◆ **Your goal**: All lines from the one containing "From left: GraceKennedy" to the end of the listing below should be output exactly; omit the pictures.

◆ **Dataset section**:
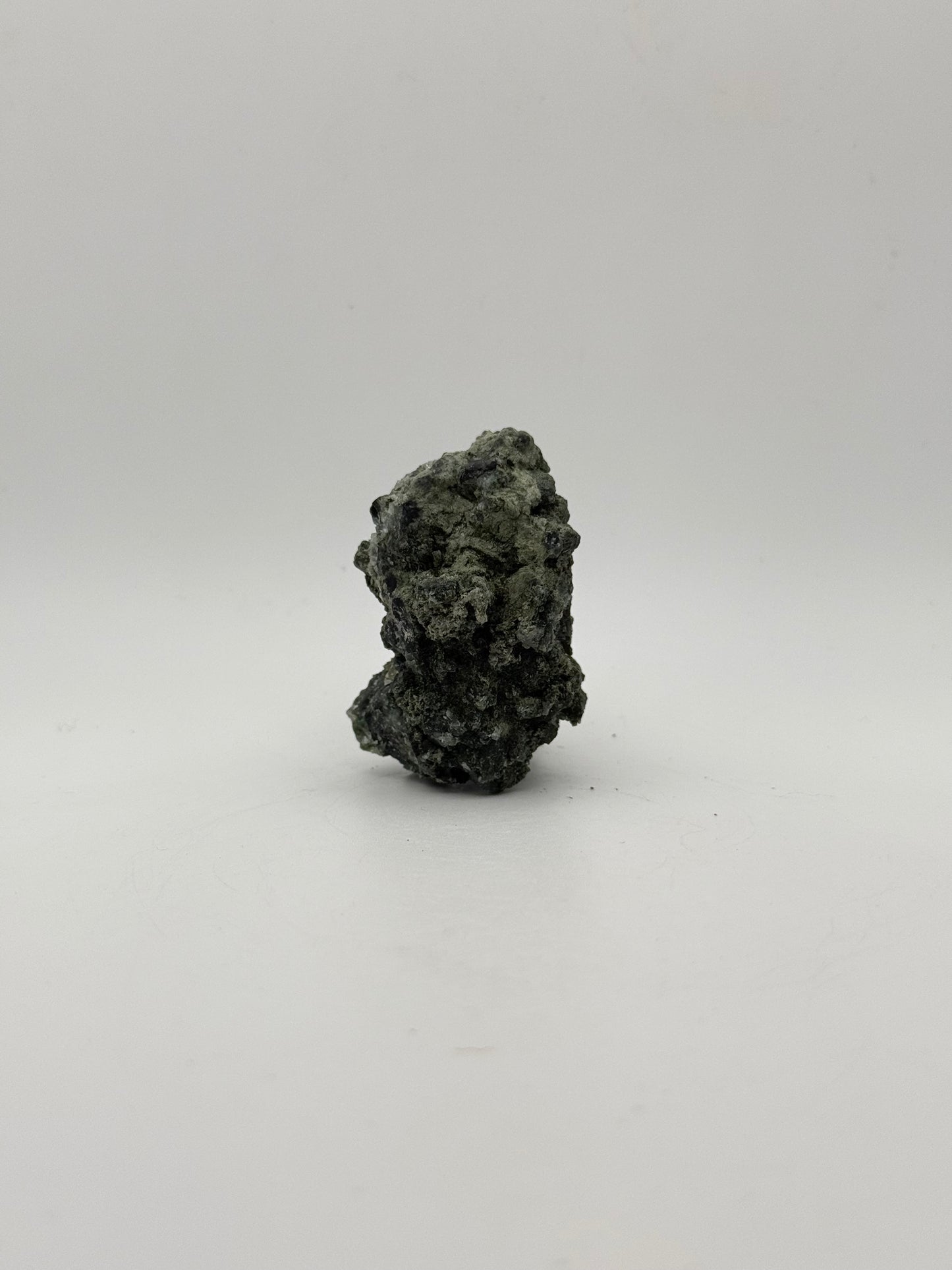 Raw prehnite specimen with amazing green color.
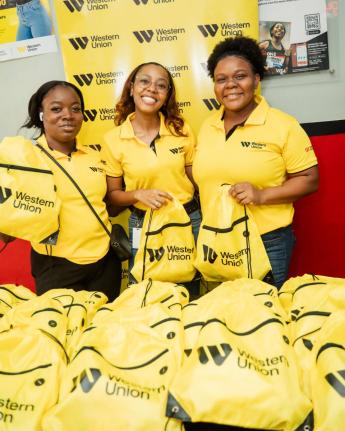 From left: GraceKennedy Money Services (GKMS) team members Vanessa Gilbert, Abigail Burt and Vanessa Lyons prepare to distribute back-to-school care packages to customers at GKMS East Parade during the One More Step Location Tour. Through the initiative, G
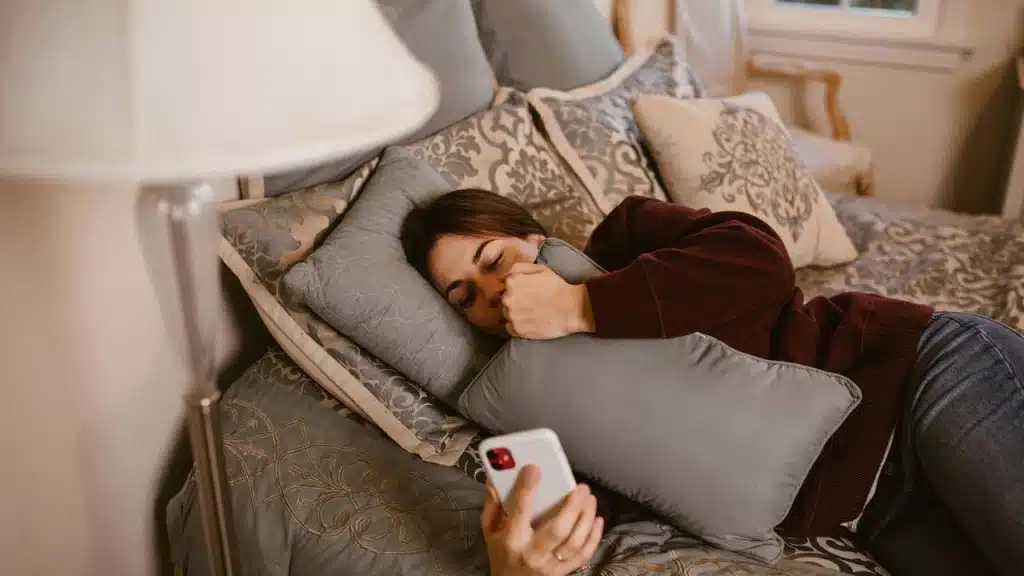 A woman lying on a bed holding a pillow and looking at her smartphone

◆ **Answer section**:
 From left: GraceKennedy Money Services (GKMS) team members Vanessa Gilbert, Abigail Burt and Vanessa Lyons prepare to distribute back-to-school care packages to customers at GKMS East Parade during the One More Step Location Tour. Through the initiative, G
 A woman lying on a bed holding a pillow and looking at her smartphone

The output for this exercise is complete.